Now, a few of the server workloads in IDC's taxonomy don't scale out without issues. For example:

OLTP -- short transaction processing, like ATM transactions -- is problematical, despite the best efforts of Oracle, IBM, and others (IBM comes closer) (or maybe Tandem).
Batch depends a whole lot on what you're batching; if what you're batching is totally single-thread, it can be a big problem.

Those two, however, amount to less than 10% of server revenue, and... hey, they hark back to old-fashioned mainframe days. Mainframes have been SMP (multicore) since the 1970s, so at least some adaptation has taken place; OLTP in particular scales like a banshee on multicore; all the top record-holders of the OLTP benchmark, TPC-C, are SMPs (= multiprocessors) (= multicores). Batch is not always terrible either, but that's a longer story.

So IT shops already scale out, a whole lot, and if they don't they probably scale up and directly use multicore already. Where does that lead us?

Well, if you already scale out, have I got a deal for you: Virtualization.

Just partition that 16-core monster into 16 single-core pussycats, each running as a separate, independent, system.

This isn't completely painless. You will need a large amount of memory per system, but probably not much more than would scale up due to the claimed increased performance of the multicore CPU set. As for IO, well, that will hopefully be relieved when PCIe 3.0 starts deploying. It can be a problem now, on some systems. And virtualization adds yet more pain to systems management, which we definitely do not need; this is probably the worst aspect of the virtualization deal. But it totally beats parallelizing all your code, hands down and match over, which is what the article says Claunch says you have to do. I don't think so.
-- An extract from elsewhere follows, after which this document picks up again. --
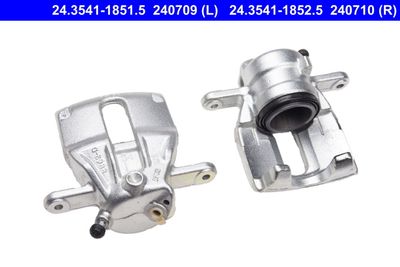 Тормозной суппорт ATE 24.3541-1852.5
I suppose virtualization isn't the best long-term solution, simply because it seems it would be much cleaner to use a multicore system as one parallel thing. Partitioning it up seems artificial and inelegant. However, it least buys some time for a beleagured IT manager, and, well, interim solutions that work always last longer than one would anticipate.

Now, about the other bullet points appearing in the ZDNet article:

There are multiple core designs that will affect your software.
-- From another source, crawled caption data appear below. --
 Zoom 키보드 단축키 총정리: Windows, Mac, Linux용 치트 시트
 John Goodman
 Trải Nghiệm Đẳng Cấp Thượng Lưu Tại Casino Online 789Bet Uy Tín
This differs from the existing situation how? The next generation of hardware has always been had a design different from the previous one, requiring at least recompilation to tap the claimed performance. Moreover, with Intel apparently (we don't know for sure, but I'd bet on it) ditching their interconnect busses for point-to-point connections like AMD, multicore designs are converging, not diverging.

Your existing software licensing deals become more complicated.

Just to pick the key example they used: Oracle has been licensing its products on multicore/multiprocessor systems since at least the mid-1980s. See comments above about breaking records. It's not the same as licensing on multiple separate systems, true, and if that's all you've ever dealt with in your IT career, you probably have some education required. But that doesn't mean it's horrid. IT shops have dealt with it for decades.

Really, though, licensing points to a problem with my solution: Licensing across multiple virtual machines has been a quagmire of the first order. It's inching towards something more rational, but there are still problems. Fortunately, the particular case of Oracle (and DB2, and other databases) is irrelevant for the multicore case, since they scale up to many processors and have for a long time; so you don't need to play the virtualization game.

Overall, multicore is actually a pretty good fit for server workloads. That's one aspect of multicore that won't need the alarm bells ringing. If servers alone had the volumes to keep this train rolling, many of us would sleep better at night.

(By the way, apologies to all for neglecting this blog for a while. I've got a lot more to post; I just got tangled up for a while. Comments will be answered.)

((By the way)^2: If somebody knows of an equivalent of the IDC workload taxonomy but for clients, I'd be much obliged if they could give me a pointer to it.)